Di periode yang sama kala itu, sekitar awal Maret, Arsenal memang tampak seperti calon pecundang sejati di Liga Inggris musim ini. Sementara Inter, tengah dalam catatan positif. Sebagai perbandingan, di awal Maret saja, tanggal 5 dan 12 Maret, Inter berpesta kemenangan masing-masing 1-5 kontra Cagliari dan 7-1 melawan Atalanta. Catatan yang luar biasa, ya?

Sementara itu, tak jauh berbeda dengan Arsenal, kota Manchester yang akrab dengan mendung dan hujan, seakan dihantui nasib kurang baik sepanjang musim ini. Walau menjalani rentetan laga tanpa kalah sebanyak 25 pertandingan beruntun, Setan Merah tidak pernah beranjak di antara posisi 5 dan 6 di klasemen. Rekor unbeaten yang surealis, ya?

Walau sukses memulangkan kembali Paul Pogba dan merekrut dua nama tenar, Henrikh Mkhitaryan dan Zlatan Ibrahimovic, sejauh ini, hasil terbaik Setan Merah adalah juara Piala Liga yang diraih susah payah berkat kemenangan atas Southampton. Sementara itu, jelang akhir musim, rival berat Liverpool ini sudah dipastikan akan finis di posisi enam dan walau lolos ke final Liga Europa, United dihadapkan dengan jadwal yang berat dan lawan di final yang tangguh, Ajax Amsterdam.
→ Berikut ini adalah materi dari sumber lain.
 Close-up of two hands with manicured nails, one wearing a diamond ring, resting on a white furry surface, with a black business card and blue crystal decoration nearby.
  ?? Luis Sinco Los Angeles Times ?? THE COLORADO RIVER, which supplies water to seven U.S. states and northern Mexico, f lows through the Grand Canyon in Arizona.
Tampak bukan musim yang baik bagi debut Jose Mourinho, bukan?

Dan tepat ketika kita merasa Arsenal dan United terancam menjalani musim yang buruk di Inggris, muncullah Internazionale Milano dengan serentetan hasil minor mereka di liga. Tak tanggung-tanggung, dari yang awalnya salah satu kandidat kuat peraih tiket lolos ke Liga Champions musim depan, Inter kini dipaksa berjuang mati-matian untuk bangkit dari periode negatif dan terancam absen dari kompetisi Eropa musim depan.

Usai dipecatnya Stefano Pioli, tim yang sudah kehilangan arah dan ambruk mentalitasnya di atas lapangan ini, tampak semakin goyah dan tak bergairah melanjutkan kompetisi di Serie A demi hasil positif di akhir musim. Inter menjadi lelucon dan sebagian besar suporternya lebih tertarik menyerahkan diri pada kuasa Ilahi alih-alih menonton peraih treble winners di musim 2009/2010 ini bermain sepak bola.

Baca juga: Pemecatan Stefano Pioli dan Internazionale yang Tak Pernah Sabar

Untuk tim yang oleh sebagian besar ultras-nya di Italia dianggap tak lebih layak dari sebuah makan siang, kita sepakati saja, Inter Milan kini berjalan mengakhiri musim dengan status pecundang yang ironisnya, membuat musim Arsenal dan Manchester United yang buruk, jadi terlihat sedikit lebih baik.

Padahal, Arsenal berpeluang besar gagal lolos ke Liga Champions Eropa untuk pertama kalinya dalam 20 tahun terakhir. Sedangkan United, terancam mendapat pemotongan dana sponsor dari Adidas bila gagal juara di Liga Europa dan tak mampu lolos ke Liga Champions. Secara gengsi dan finansial, nasib buruk yang membayangi dua tim Inggris ini tampak pelik, namun ketika menengok betapa sekaratnya Inter Milan di Serie A, kita boleh bilang bahwa Arsenal dan United sudah sepantasnya bersyukur.

Kadang, pepatah memang ada benarnya. Kita memang perlu sesekali menengok ke bawah untuk bersyukur bahwa apa yang kita alami dan miliki saat ini, jauh lebih baik daripada apa yang dimiliki dan dialami beberapa orang di bawah kita.

Dan untuk alasan itulah, saya perlu menuliskan kalimat ini dengan tulus: Terima kasih, Inter Milan.